Dr. Najwa Nasr on “Lebanese Emigration at the Turn of the Century”
Beirut, November 26, 2009- On November 25, 2009, Dr Najwa Nasr, a Full Professor of English Linguistics at the Lebanese University, and a lecturer at Haigazian University, delivered a lecture entitled “A Journey of Survival: The Lebanese Emigration at the Turn of the Century” at the Cultural Hour in the Haigazian University Auditorium.
Dr. Nasr who’s since 1990, a coordinator, consultant, lecturer and a true friend of Haigazian University, was introduced to the audience by Mira Yardemian, the Public Relations Director.
Yardemian said that migration existed since time immemorial, whereby people emigrated from their homelands to unknown lands in search of greener pastures. “Some migrate due to choice seeking fortune and fame, while others under duress are deported or exiled”, Yardemian noted.
Dr. Nasr began her visual presentation by explaining that the first waves of Lebanese emigration to the United States started at the end of the 19th century, whereby emigrants from Syria and Lebanon started to arrive at Ellis Island in New York colony, from whence they spread across the American states, from the East to the West, and from the North to the South.

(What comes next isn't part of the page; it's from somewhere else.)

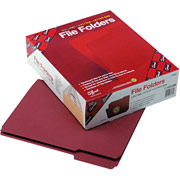 Smead Reinforced Colored File Folders, Letter, 3 Tab, Maroon, 100/Box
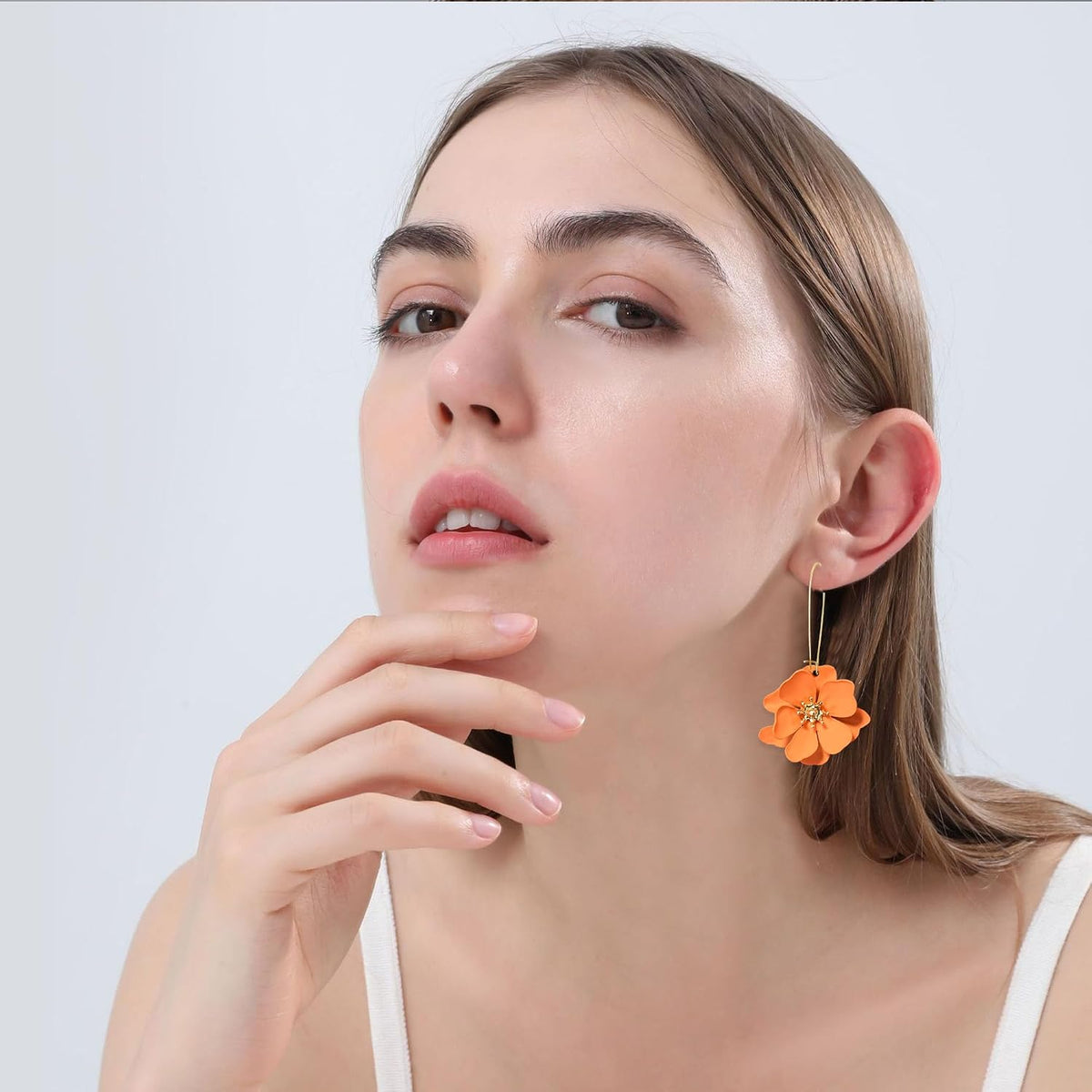 Bohemian Daisy Flower Matte Floral Long Petal Drop Dangle Earrings Layered Tiered for Women Chic Boho Wedding Jewelry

Nasr introduced the first jobs carried out by the emigrants, which was the peddling job. She explained that many reasons encouraged them to peddle; it was not a very demanding profession and no experience was needed, no capital, no advanced language skills, no pressure of office hours.

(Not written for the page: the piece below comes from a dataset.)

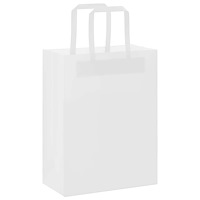 vidaXL Papperspåsar 250 st med handtag vit 21x11x28 cm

Talking of heritage and preservation of culture, Nasr said that the emigrants had their own social, cultural, and religious societies and clubs whose role was to strengthen the ties of solidarity among the members and help them preserve their cultural heritage, language and tradition. “They also helped the immigrants in learning the English language and coping with the demands of the new citizenship for survival”, Nasr added.
Nasr concluded her lecture by showing the importance of journalism, and the major role it played in preserving the Lebanese culture and heritage. “In 1930, there were about fifty Arabic newspapers, magazines, journals, and periodicals all over the American states”, Nasr noted.